[SUPPLIED RECORDS]
= = =

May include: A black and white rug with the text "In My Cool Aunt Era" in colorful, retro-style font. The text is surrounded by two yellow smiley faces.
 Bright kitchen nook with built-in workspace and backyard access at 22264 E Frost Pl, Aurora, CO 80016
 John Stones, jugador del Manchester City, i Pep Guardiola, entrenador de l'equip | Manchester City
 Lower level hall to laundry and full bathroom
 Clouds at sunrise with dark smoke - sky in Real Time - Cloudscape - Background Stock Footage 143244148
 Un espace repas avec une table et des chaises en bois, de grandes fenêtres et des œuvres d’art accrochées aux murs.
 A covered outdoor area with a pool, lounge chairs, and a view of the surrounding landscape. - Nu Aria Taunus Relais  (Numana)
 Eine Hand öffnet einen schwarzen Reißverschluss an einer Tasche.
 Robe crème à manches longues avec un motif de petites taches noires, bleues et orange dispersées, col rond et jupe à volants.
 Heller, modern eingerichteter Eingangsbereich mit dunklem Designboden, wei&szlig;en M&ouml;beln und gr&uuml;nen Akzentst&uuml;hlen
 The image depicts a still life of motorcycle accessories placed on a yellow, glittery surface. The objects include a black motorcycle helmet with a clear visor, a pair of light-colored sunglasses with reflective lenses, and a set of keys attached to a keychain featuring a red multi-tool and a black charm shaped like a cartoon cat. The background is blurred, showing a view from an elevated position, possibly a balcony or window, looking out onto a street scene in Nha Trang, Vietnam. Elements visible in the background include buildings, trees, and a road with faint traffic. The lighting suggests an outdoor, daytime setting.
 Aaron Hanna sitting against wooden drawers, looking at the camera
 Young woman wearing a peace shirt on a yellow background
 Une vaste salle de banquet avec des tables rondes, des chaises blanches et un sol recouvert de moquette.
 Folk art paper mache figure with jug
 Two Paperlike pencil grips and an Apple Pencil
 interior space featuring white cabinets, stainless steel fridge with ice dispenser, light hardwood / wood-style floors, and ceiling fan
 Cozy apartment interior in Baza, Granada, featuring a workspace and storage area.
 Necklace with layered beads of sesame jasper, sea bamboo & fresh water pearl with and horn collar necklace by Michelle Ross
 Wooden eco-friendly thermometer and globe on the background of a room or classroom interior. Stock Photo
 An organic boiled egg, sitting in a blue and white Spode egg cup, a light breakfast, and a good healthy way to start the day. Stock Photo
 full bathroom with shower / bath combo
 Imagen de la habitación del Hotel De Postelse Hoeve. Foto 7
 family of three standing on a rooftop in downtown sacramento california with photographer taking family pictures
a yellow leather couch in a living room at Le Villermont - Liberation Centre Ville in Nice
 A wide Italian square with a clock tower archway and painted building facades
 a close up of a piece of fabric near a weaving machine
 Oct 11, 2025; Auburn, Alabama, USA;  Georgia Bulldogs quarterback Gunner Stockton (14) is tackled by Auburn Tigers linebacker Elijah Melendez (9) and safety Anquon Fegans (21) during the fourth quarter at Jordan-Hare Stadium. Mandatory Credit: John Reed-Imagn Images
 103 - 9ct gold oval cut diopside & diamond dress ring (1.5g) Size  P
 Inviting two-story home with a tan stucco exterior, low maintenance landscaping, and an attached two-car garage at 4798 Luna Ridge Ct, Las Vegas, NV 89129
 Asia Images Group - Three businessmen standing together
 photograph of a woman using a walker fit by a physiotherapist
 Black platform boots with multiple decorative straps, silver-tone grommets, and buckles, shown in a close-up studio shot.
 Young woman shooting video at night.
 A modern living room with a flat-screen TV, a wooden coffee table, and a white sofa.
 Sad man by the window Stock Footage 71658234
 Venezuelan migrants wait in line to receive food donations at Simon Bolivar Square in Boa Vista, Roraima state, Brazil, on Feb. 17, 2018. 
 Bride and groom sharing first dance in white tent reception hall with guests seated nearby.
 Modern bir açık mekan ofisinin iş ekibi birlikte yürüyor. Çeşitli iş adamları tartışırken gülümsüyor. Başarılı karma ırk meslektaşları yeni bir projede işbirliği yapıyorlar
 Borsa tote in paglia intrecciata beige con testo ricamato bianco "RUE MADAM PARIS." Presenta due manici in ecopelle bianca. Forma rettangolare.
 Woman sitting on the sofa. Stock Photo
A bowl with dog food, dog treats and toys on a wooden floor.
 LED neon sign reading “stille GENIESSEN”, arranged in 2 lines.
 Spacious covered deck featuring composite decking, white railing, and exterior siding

= = =

[TASK REQUIREMENTS] Scanning the data above, copy out every line where "food" is found.

[OUTPUT OF THE TASK]
 Venezuelan migrants wait in line to receive food donations at Simon Bolivar Square in Boa Vista, Roraima state, Brazil, on Feb. 17, 2018. 
A bowl with dog food, dog treats and toys on a wooden floor.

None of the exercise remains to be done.